This arthritis drug cost $198 in 2008. Now it's more than $10,000
In 2008, a box of 30 anti-inflammatory rectal suppositories that treats arthritis, called Indocin, had a price tag of $198. As of Oct. 1, the price of that same box was 52 times higher, totaling $10,350.
Why it matters: As federal lawmakers continue to waver on drug price reforms, Indocin is another example of how nothing prevents drug companies from hiking prices at will and selling them within a broken supply chain.
Driving the news: Indocin has changed ownership multiple times over the years, and the companies involved have controversial histories.
- Iroko Pharmaceuticals, the original owner of Indocin suppositories, consistently raised the drug's price.
- Indocin's list price (what uninsured patients would pay) was $198 for 30 suppositories in 2008. Iroko raised it to $2,550 by January 2018 after more than a dozen separate increases, according to Elsevier's Gold Standard Drug Database.
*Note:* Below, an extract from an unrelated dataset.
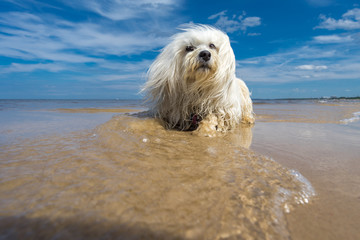 Havaneser am Meer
- Later in 2018, Iroko was going bankrupt and sold itself to another small company called Egalet.
- After Egalet acquired Iroko's drugs, Egalet significantly increased prices. We reported on one of those large price hikes in 2019.
- Egalet doubled the price of Indocin, to $5,100, months after the company acquired it, according to Elsevier's pricing database.
- Egalet then changed its name to Zyla Life Sciences in 2019, right after its price hikes were aired.
- Zyla raised the price on Indocin again, to $5,604.90 in January 2020, and then sold itself to a separate drug company called Assertio in May 2020.
- Assertio previously was named Depomed, a company that sold a controversial opioid.
- Since acquiring Indocin, Assertio has marked up the price twice: first to $6,159.79 at the start of this year, and then again this month to $10,350.
- Indocin sales hit $27.7 million in the first half of this year, representing more than half of Assertio's revenue. That total was five times higher than $5.4 million collected during the same period of 2020.
- Walbert and Horizon have been criticized for their pricing practices and drug formulations.
What they're saying: A spokesperson for Horizon Therapeutics told Axios that "Walbert has not been involved with Assertio for approximately a year and as a result does not wish to comment."
- Assertio did not respond to interview requests.
The bottom line: Indocin is a small drug within the pharmaceutical industry, but it shows how the Martin-Shkreli-type price increases never disappeared and occur for numerous drugs that fly under the radar.